Possible options -- friendlier error message, or a more convenient syntax than setdiff(each_dropna(dv1), each_dropna(dv2))
Probably setdiff(dv1, dv2, skipna=true)
would be nicer and more consistent with e.g. mapreduce
?
That's nicer, for sure, and defining the three methods for each function would allow for tuning.
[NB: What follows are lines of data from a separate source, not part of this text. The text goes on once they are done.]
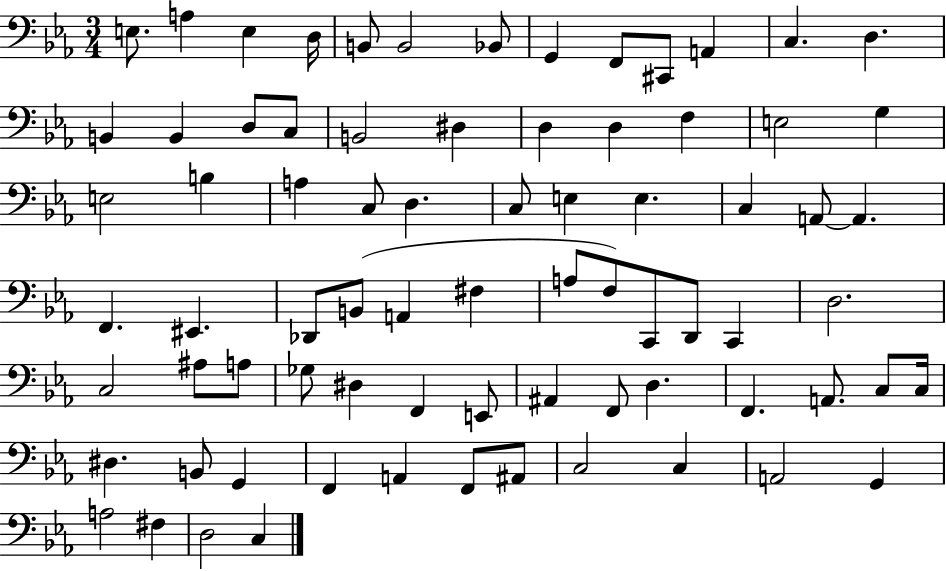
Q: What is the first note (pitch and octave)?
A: E3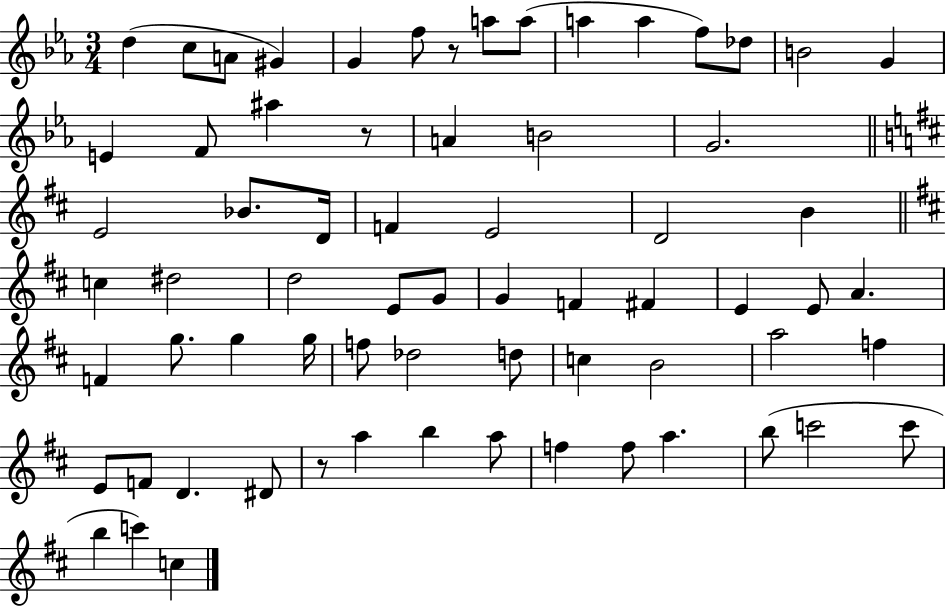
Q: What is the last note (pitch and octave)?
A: C5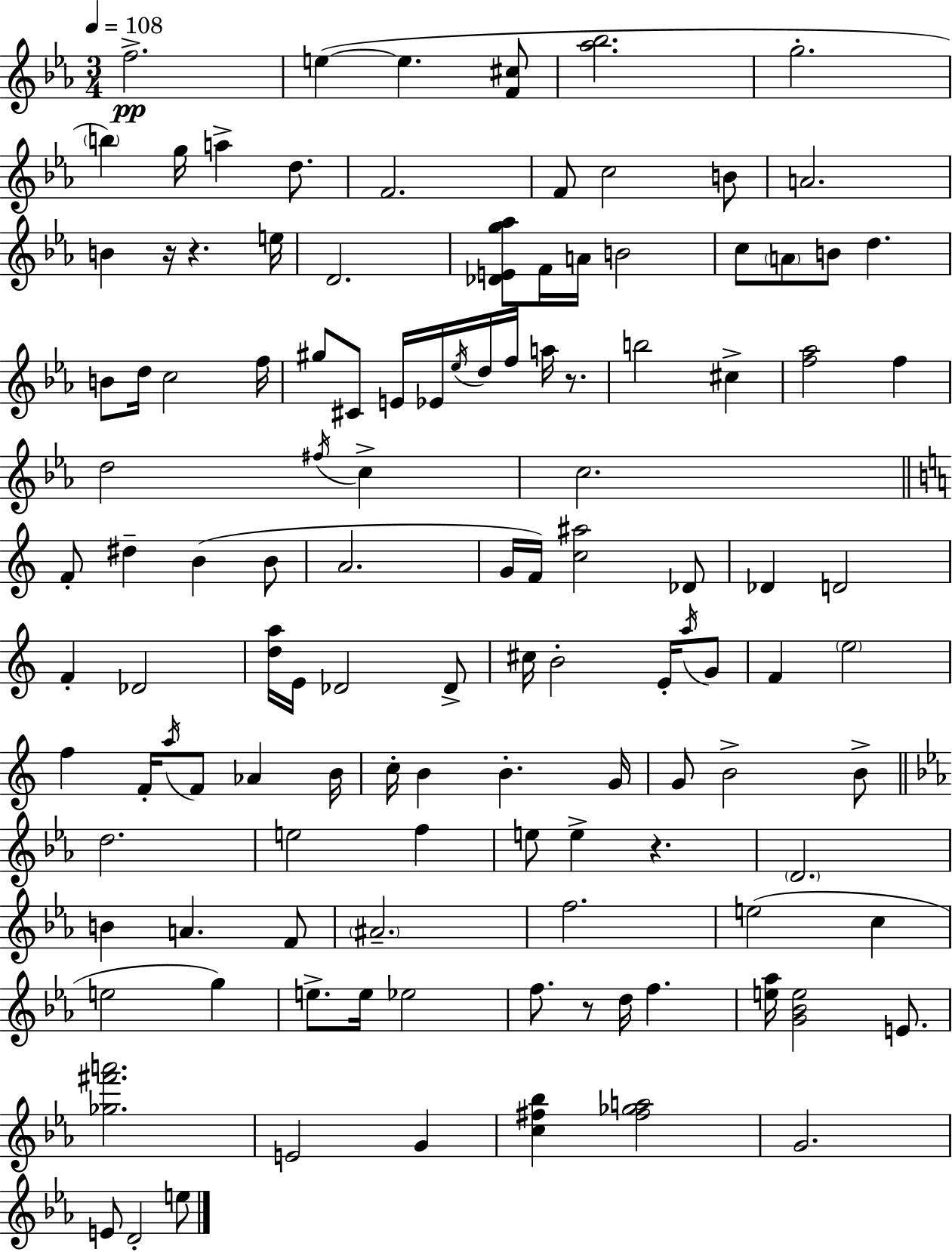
X:1
T:Untitled
M:3/4
L:1/4
K:Cm
f2 e e [F^c]/2 [_a_b]2 g2 b g/4 a d/2 F2 F/2 c2 B/2 A2 B z/4 z e/4 D2 [_DEg_a]/2 F/4 A/4 B2 c/2 A/2 B/2 d B/2 d/4 c2 f/4 ^g/2 ^C/2 E/4 _E/4 _e/4 d/4 f/4 a/4 z/2 b2 ^c [f_a]2 f d2 ^f/4 c c2 F/2 ^d B B/2 A2 G/4 F/4 [c^a]2 _D/2 _D D2 F _D2 [da]/4 E/4 _D2 _D/2 ^c/4 B2 E/4 a/4 G/2 F e2 f F/4 a/4 F/2 _A B/4 c/4 B B G/4 G/2 B2 B/2 d2 e2 f e/2 e z D2 B A F/2 ^A2 f2 e2 c e2 g e/2 e/4 _e2 f/2 z/2 d/4 f [e_a]/4 [G_Be]2 E/2 [_g^f'a']2 E2 G [c^f_b] [^f_ga]2 G2 E/2 D2 e/2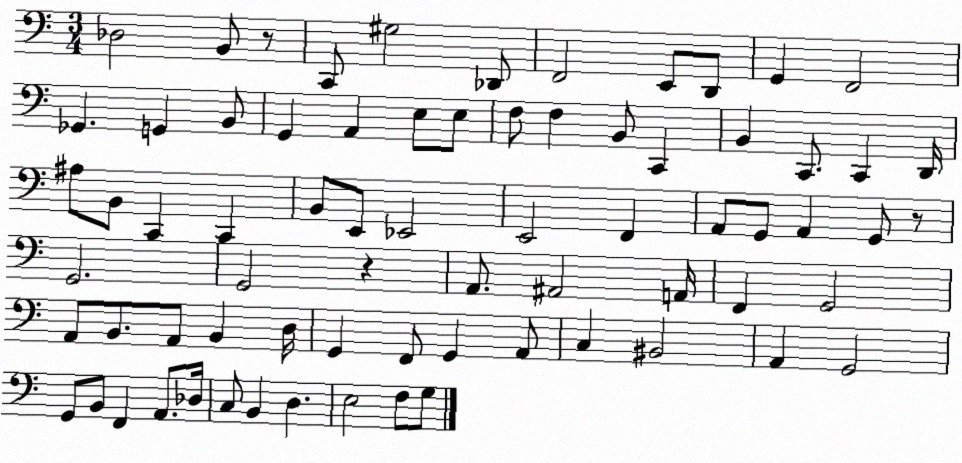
X:1
T:Untitled
M:3/4
L:1/4
K:C
_D,2 B,,/2 z/2 C,,/2 ^G,2 _D,,/2 F,,2 E,,/2 D,,/2 G,, F,,2 _G,, G,, B,,/2 G,, A,, E,/2 E,/2 F,/2 F, B,,/2 C,, B,, C,,/2 C,, D,,/4 ^A,/2 B,,/2 C,, C,, B,,/2 E,,/2 _E,,2 E,,2 F,, A,,/2 G,,/2 A,, G,,/2 z/2 G,,2 G,,2 z A,,/2 ^A,,2 A,,/4 F,, G,,2 A,,/2 B,,/2 A,,/2 B,, D,/4 G,, F,,/2 G,, A,,/2 C, ^B,,2 A,, G,,2 G,,/2 B,,/2 F,, A,,/2 _D,/4 C,/2 B,, D, E,2 F,/2 G,/2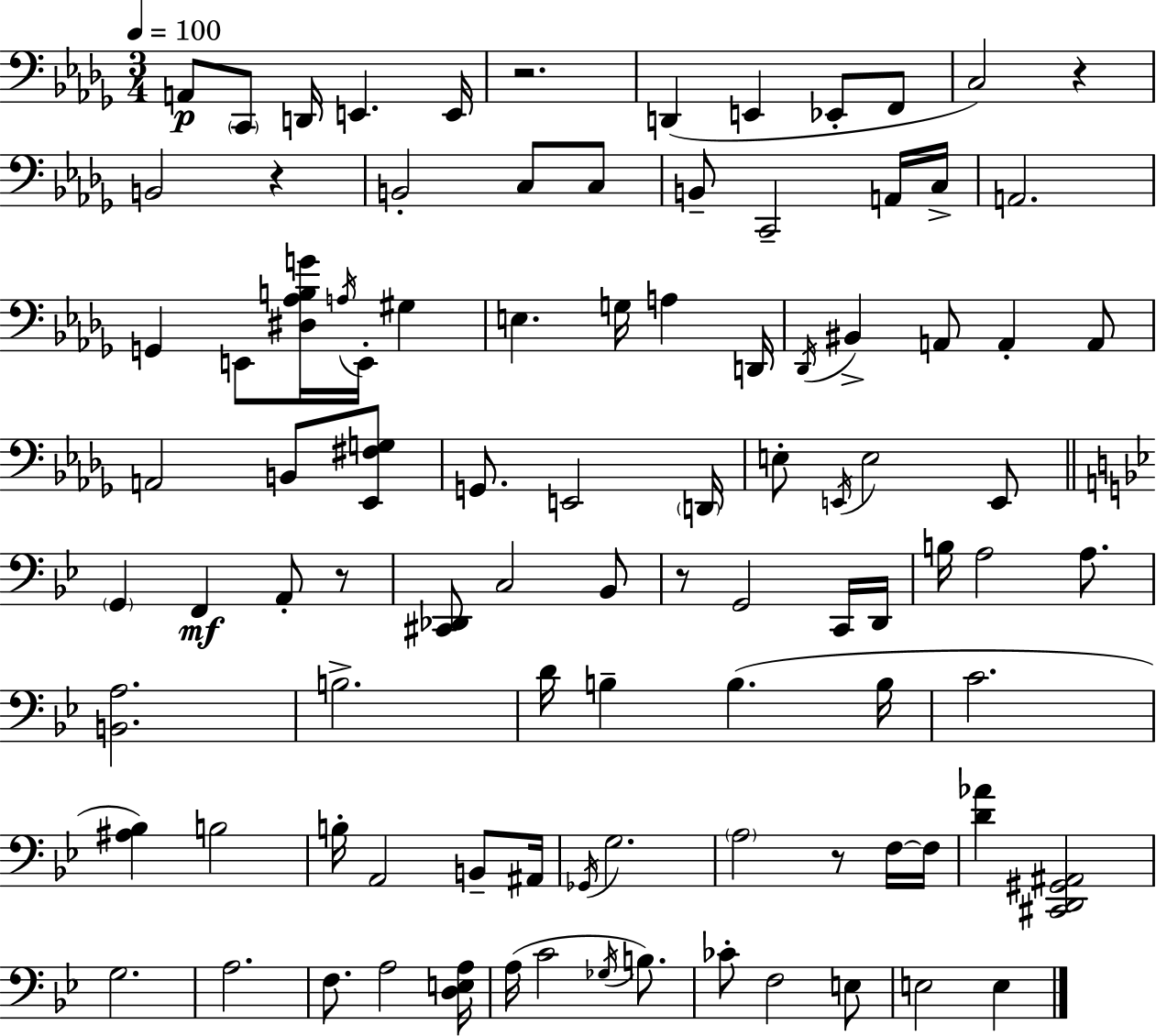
A2/e C2/e D2/s E2/q. E2/s R/h. D2/q E2/q Eb2/e F2/e C3/h R/q B2/h R/q B2/h C3/e C3/e B2/e C2/h A2/s C3/s A2/h. G2/q E2/e [D#3,Ab3,B3,G4]/s A3/s E2/s G#3/q E3/q. G3/s A3/q D2/s Db2/s BIS2/q A2/e A2/q A2/e A2/h B2/e [Eb2,F#3,G3]/e G2/e. E2/h D2/s E3/e E2/s E3/h E2/e G2/q F2/q A2/e R/e [C#2,Db2]/e C3/h Bb2/e R/e G2/h C2/s D2/s B3/s A3/h A3/e. [B2,A3]/h. B3/h. D4/s B3/q B3/q. B3/s C4/h. [A#3,Bb3]/q B3/h B3/s A2/h B2/e A#2/s Gb2/s G3/h. A3/h R/e F3/s F3/s [D4,Ab4]/q [C#2,D2,G#2,A#2]/h G3/h. A3/h. F3/e. A3/h [D3,E3,A3]/s A3/s C4/h Gb3/s B3/e. CES4/e F3/h E3/e E3/h E3/q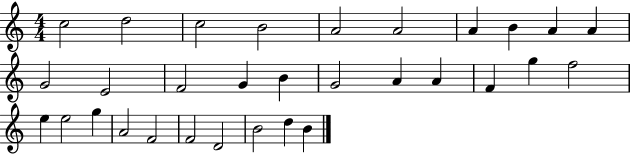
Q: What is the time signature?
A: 4/4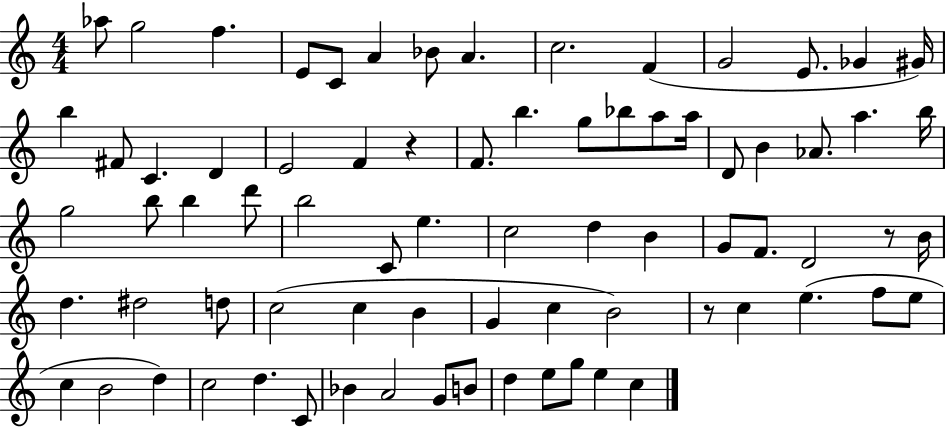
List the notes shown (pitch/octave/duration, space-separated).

Ab5/e G5/h F5/q. E4/e C4/e A4/q Bb4/e A4/q. C5/h. F4/q G4/h E4/e. Gb4/q G#4/s B5/q F#4/e C4/q. D4/q E4/h F4/q R/q F4/e. B5/q. G5/e Bb5/e A5/e A5/s D4/e B4/q Ab4/e. A5/q. B5/s G5/h B5/e B5/q D6/e B5/h C4/e E5/q. C5/h D5/q B4/q G4/e F4/e. D4/h R/e B4/s D5/q. D#5/h D5/e C5/h C5/q B4/q G4/q C5/q B4/h R/e C5/q E5/q. F5/e E5/e C5/q B4/h D5/q C5/h D5/q. C4/e Bb4/q A4/h G4/e B4/e D5/q E5/e G5/e E5/q C5/q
On the other hand, it sounds like the quantity of methods that need to be reimplemented has slowed down development of data/nullable/categorical/etc. container types, so maybe slicker iterators would give more mileage: e.g.
setdiff(v, dv, skipna = true) # =>
setdiff(v, skipna(dv)) # or
setdiff(v, SkipNA(dv))
setdiff(dv1, dv2, skipna = true) # =>
setdiff(skipna(dv1), skipna(dv2)) # or
setdiff(SkipNA(dv1), SkipNA(dv2))
One thing I'd like to do now that Nullable is in Base is to define iterators like skipnulls
that live outside of DataArrays (since you might need to apply them to Array{Any}
, for example) and lean on those iterators more heavily.
In general, we could do a much better job of making clear when functions can accept arbitrary iterators and when they need a fully materialized input to work.